═══ Input for this task

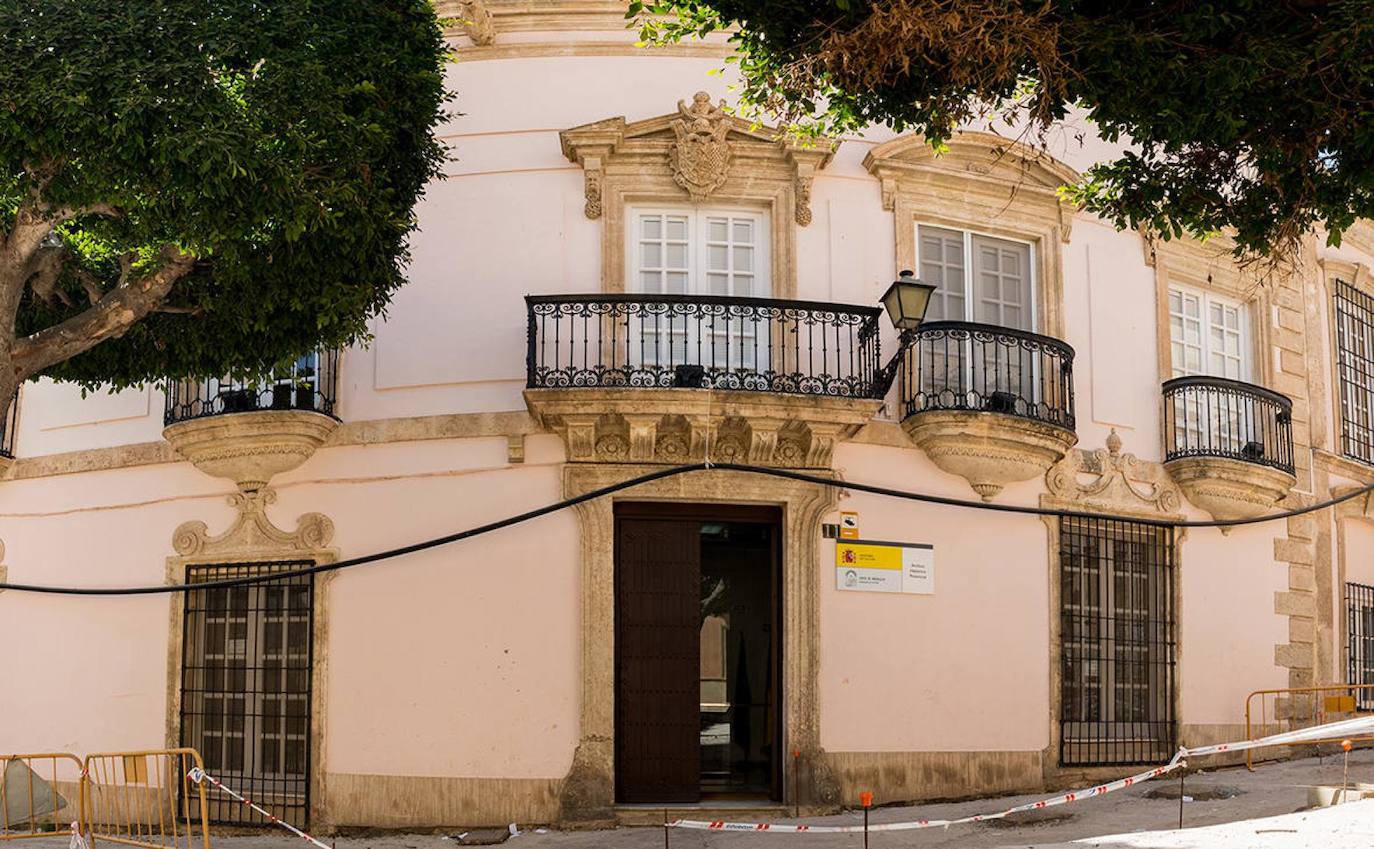 La Consejería de Cultura celebra el Día de los Archivos en torno al legado fotográfico de Atín Aya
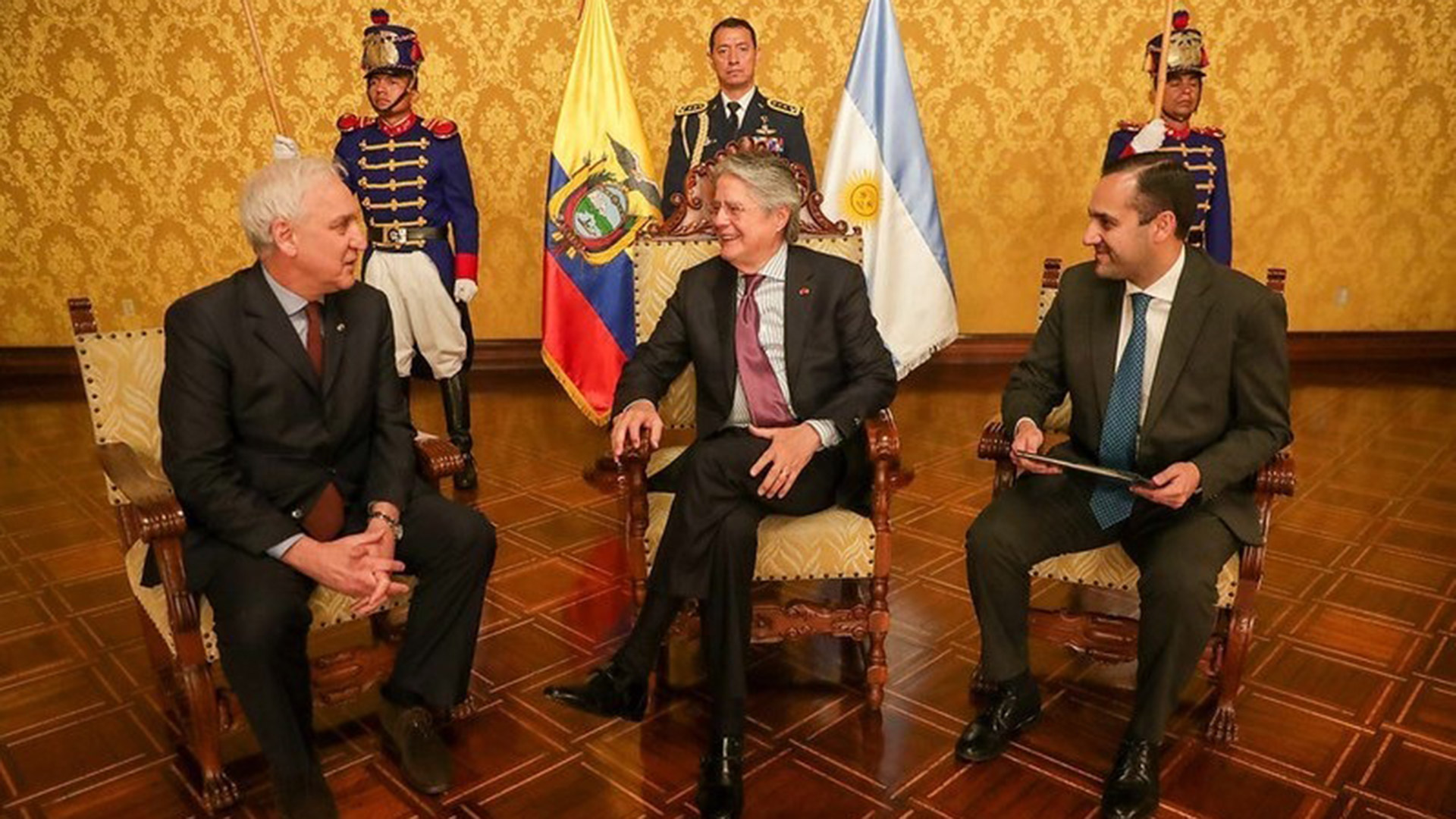 Foto de archivo del presidente ecuatoriano Guillermo Lasso y Juan Carlos Holguin junto a Gabriel Fuks, ex ﻿embajador argentino en Quito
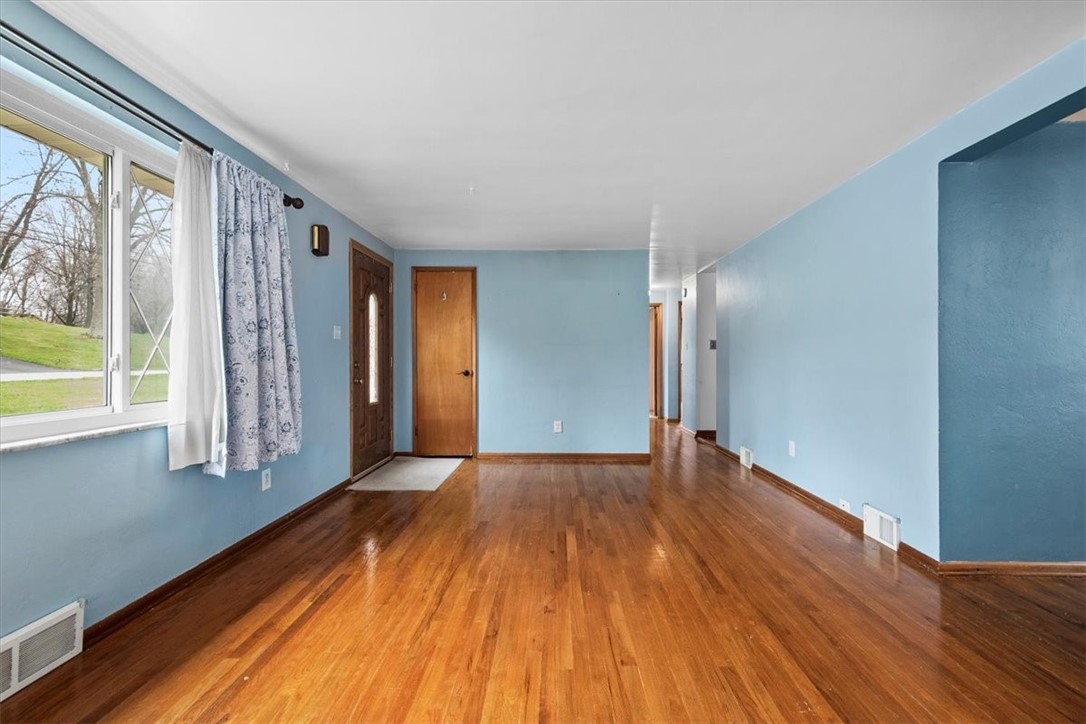 121 Marion Drive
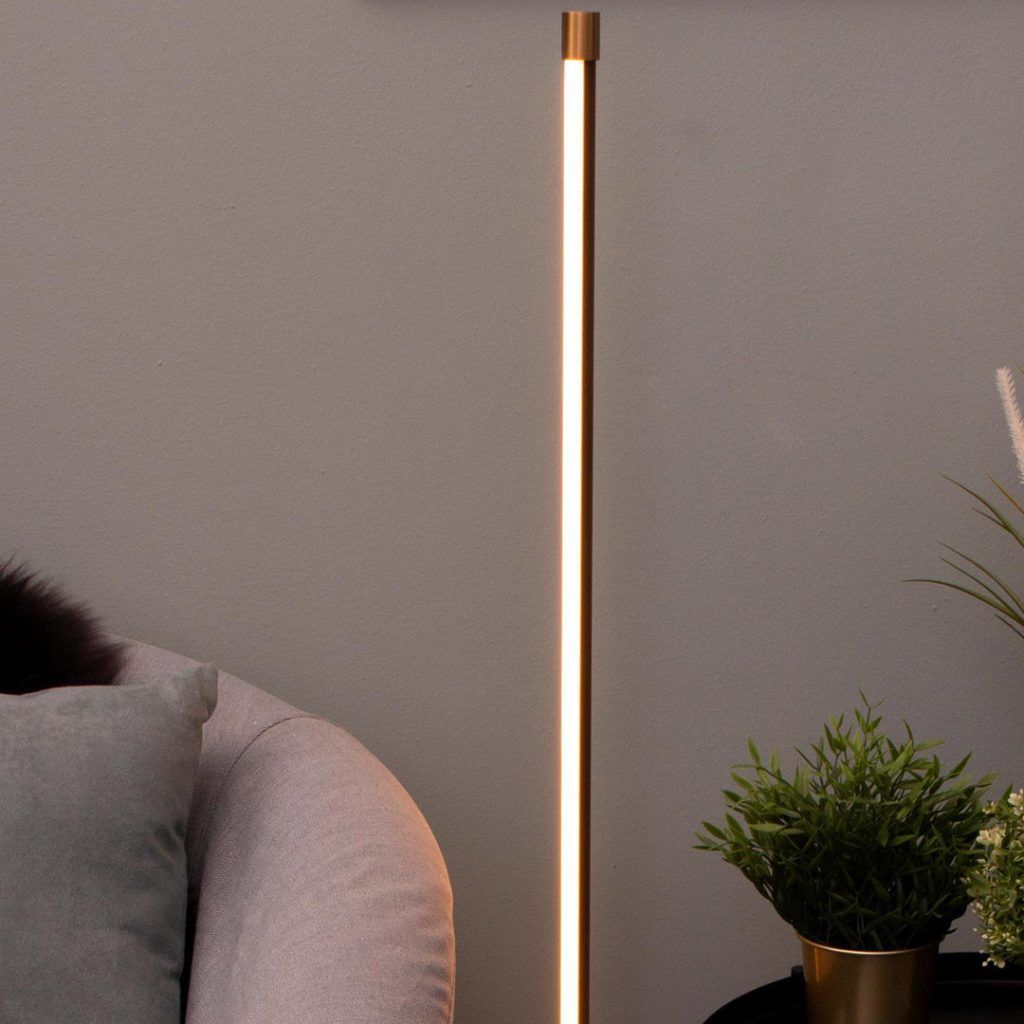 Straight led gulvlampe. dimbar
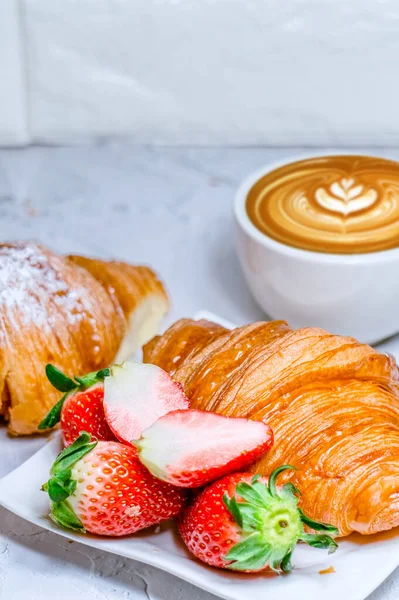 Pequeno Almoço Continental Com Croissants Café Morangos Frescos — Fotografia de Stock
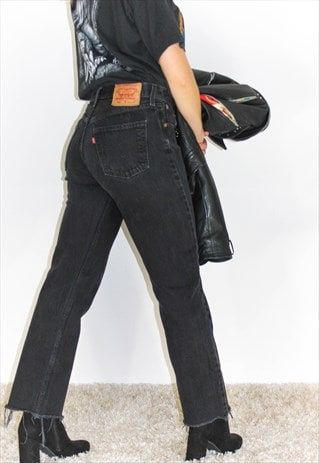 Black Levis Outfit, 501 Levis Women Outfits Street Styles, Levis 501 Outfit Street Style, Levi Jeans Aesthetic, 501 Levis Women Outfits, Black Levi 501, Levis 501 Outfit, Trouser Ideas, 501 Outfit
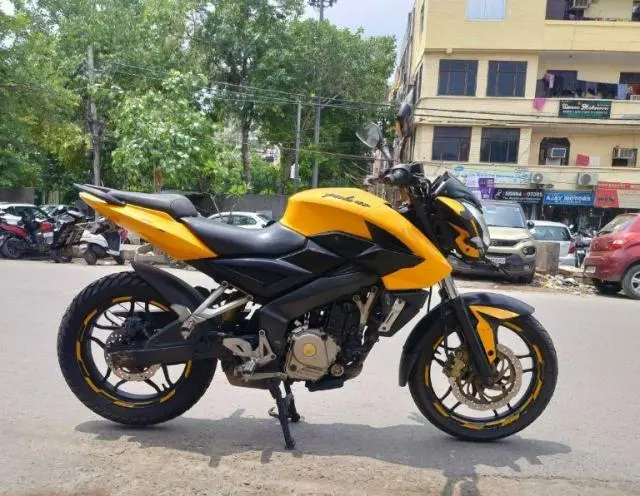 Bajaj Pulsar NS200 2012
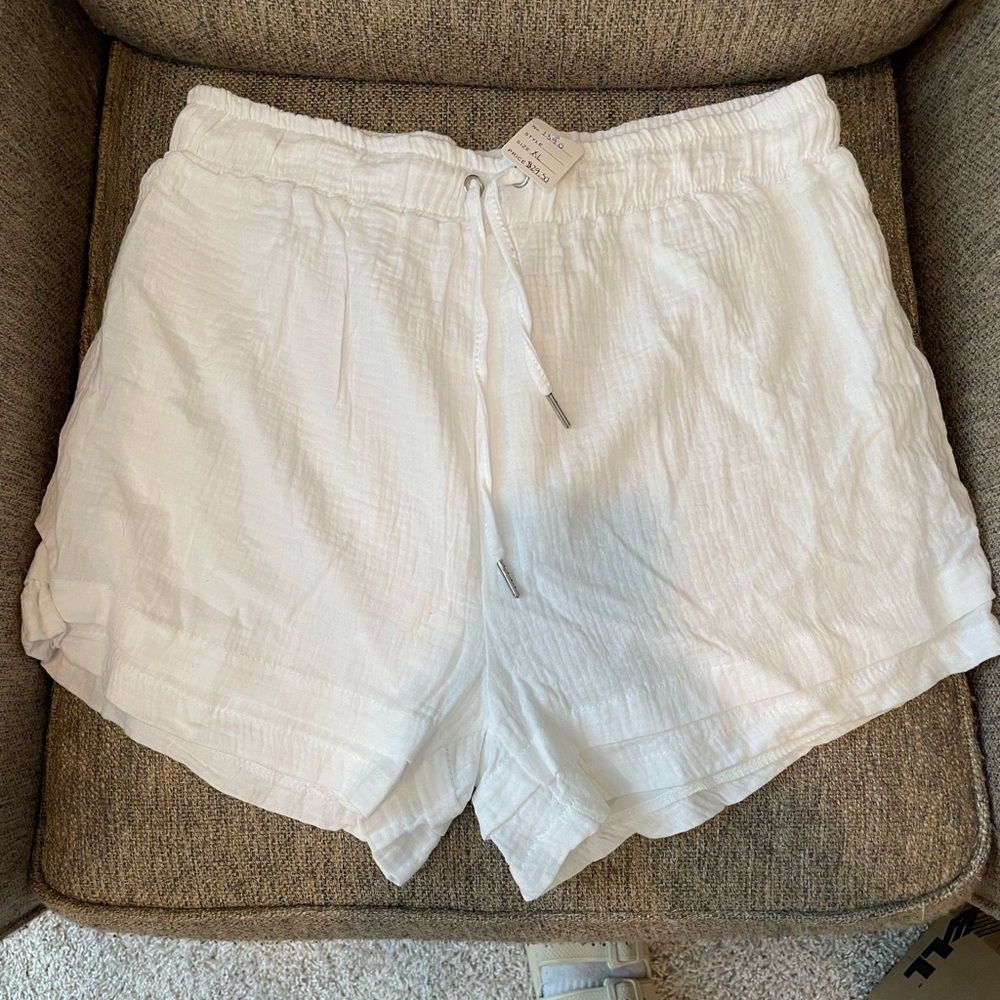 Linen shorts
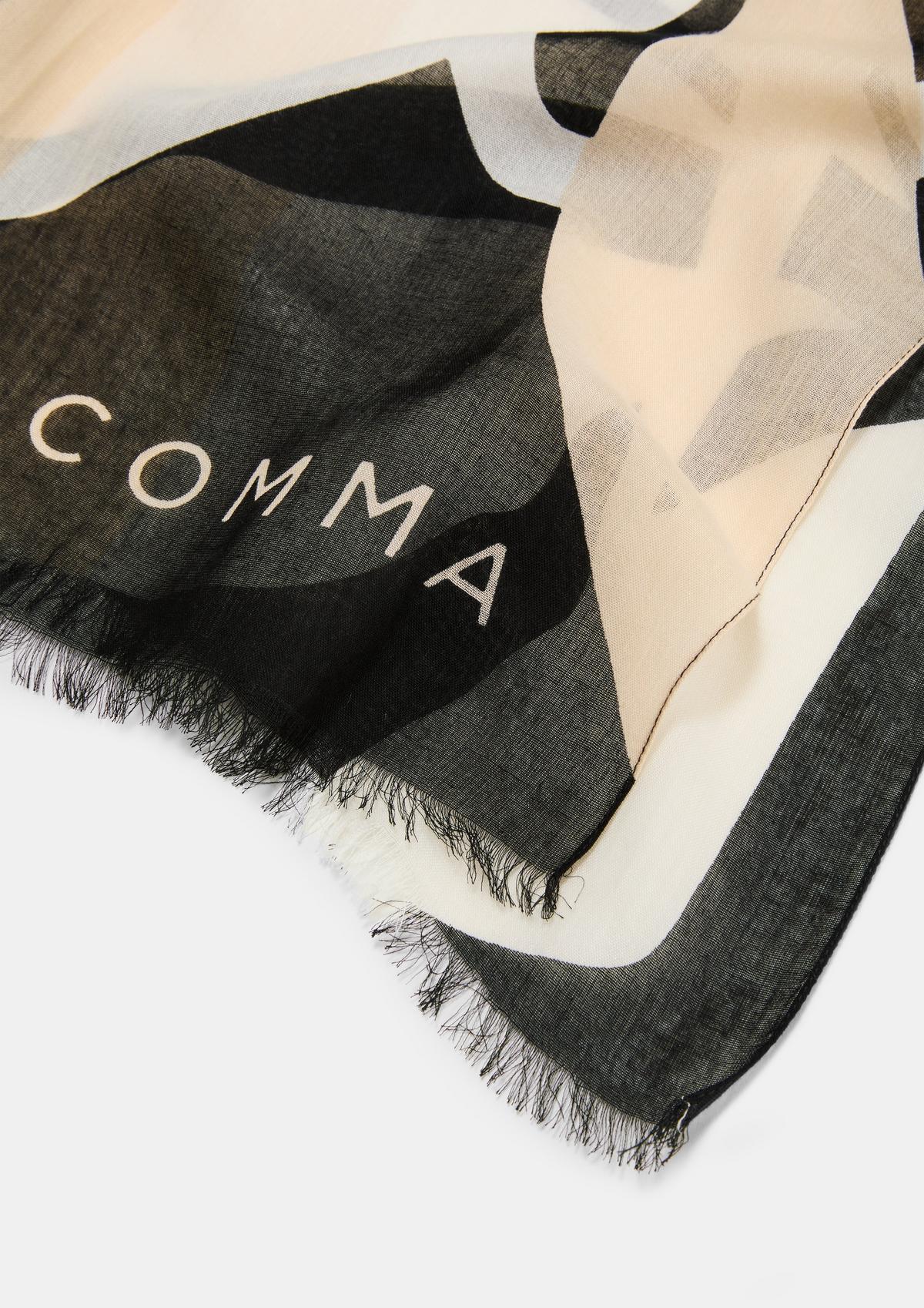 comma Flowing fabric scarf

══════

▶ _Prompt_: From the line containing "121 Marion Drive" through the final line of the listing, copy every line exactly and nothing else. Skip the pictures.

▶ _Your response_:
 121 Marion Drive
 Straight led gulvlampe. dimbar
 Pequeno Almoço Continental Com Croissants Café Morangos Frescos — Fotografia de Stock
 Black Levis Outfit, 501 Levis Women Outfits Street Styles, Levis 501 Outfit Street Style, Levi Jeans Aesthetic, 501 Levis Women Outfits, Black Levi 501, Levis 501 Outfit, Trouser Ideas, 501 Outfit
 Bajaj Pulsar NS200 2012
 Linen shorts
 comma Flowing fabric scarf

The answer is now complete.